O PV e o Dilema Humano


O Partido Verde (PV) tem história e causa. Sua história remonta as tensões oriundas do pós-guerra quando os blocos econômicos dominantes deslancharam inconseqüente processo de industrialização e consumo, provocando impactos ambientais e sociais em escala planetária. Sua causa adere a linha dos movimentos alternativos, defendendo valores morais e culturais com atitude pró-ativa diante de uma natureza ameaçada e com sinais claros de risco a sobrevivência humana, como a mudança climática contestada pelo Presidente dos EUA e apontada por cientistas como o maior problema enfrentado pela humanidade, superando o terrorismo.

O movimento verde internacional defende uma maior responsabilidade sobre a destruição de espécies, poluição, contaminação do planeta e riscos de comprometimento da própria reprodução humana pelo modelo belista e predatório implantado pelas nações que optaram pela modernidade tecnológica em detrimento da modernidade ética. O PV se fortaleceu pelo descaso dos partidos políticos em relação aos problemas ambientais, tornando-se rapidamente um partido respeitado, influente e forte em toda Europa, principalmente na Alemanha.

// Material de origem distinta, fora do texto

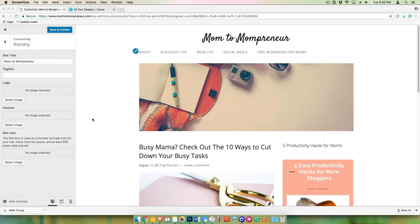Hi, it's me, Elna Cain from TwinsMommy.com. Today I'm going to show you how to create a text-based logo for your brand new blog.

No Brasil, o PV nasceu com o compromisso de ser um canal de expressão de um movimento ecológico, pacifista e alternativo. Assumiu o discurso em favor das chamadas minorias: negros, mulheres, homossexuais e índios. O PV é contra o serviço militar obrigatório e a discriminação da maconha. Defende a legalização da interrupção voluntária da gravidez e a descentralização do poder para os municípios. O PV considera o município como legítima instância de poder, o lócus privilegiado de participação da comunidade nas decisões do Estado.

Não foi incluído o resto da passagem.